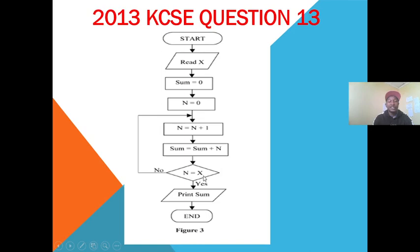Then we ask ourselves: is N equal to X? If yes, we print the sum. If no, we go back and enter new values of Sum and N, then proceed until N equals X. The examiner provides the value of X, so let's go to the questions.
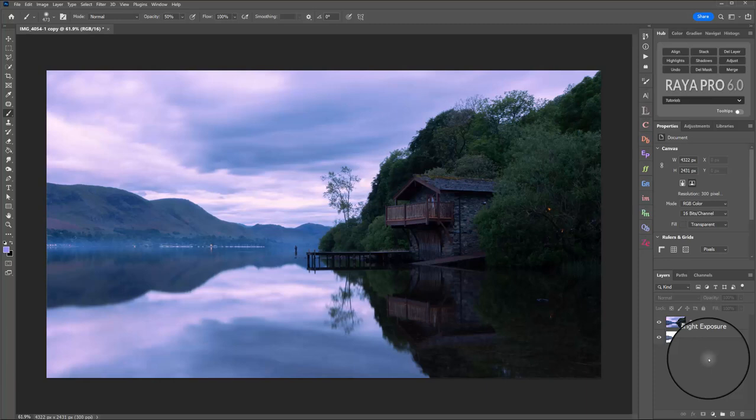Hey guys, I'm just going to take you through this workflow of this photo that I took last week in the Lake District.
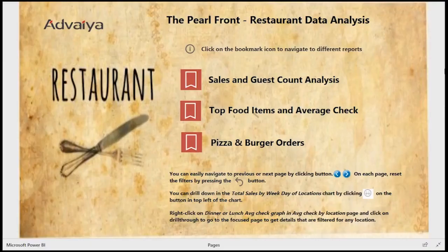Hello. In this video we are presenting a Power BI solution developed by Advaya.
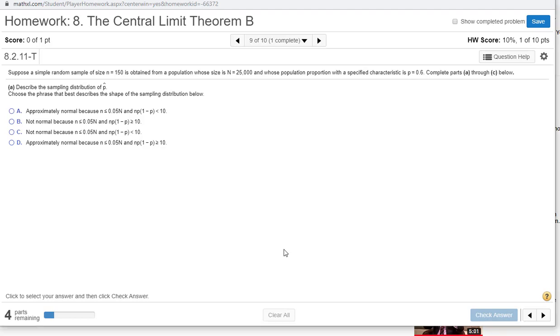Suppose a simple random sample of size n equals 150 is obtained from a population whose size is n equals 25,000 and whose population proportion with a specified characteristic is p equals 0.6. Complete parts A through C below.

━━━━━━━━━━

- [YOUR GOAL]:
A word-for-word copy of all the data, without pictures, is the expected output.

- [EXPECTED ANSWER]:
Then we ask ourselves: is N equal to X? If yes, we print the sum. If no, we go back and enter new values of Sum and N, then proceed until N equals X. The examiner provides the value of X, so let's go to the questions.
Hey guys, I'm just going to take you through this workflow of this photo that I took last week in the Lake District.
Hello. In this video we are presenting a Power BI solution developed by Advaya.
Suppose a simple random sample of size n equals 150 is obtained from a population whose size is n equals 25,000 and whose population proportion with a specified characteristic is p equals 0.6. Complete parts A through C below.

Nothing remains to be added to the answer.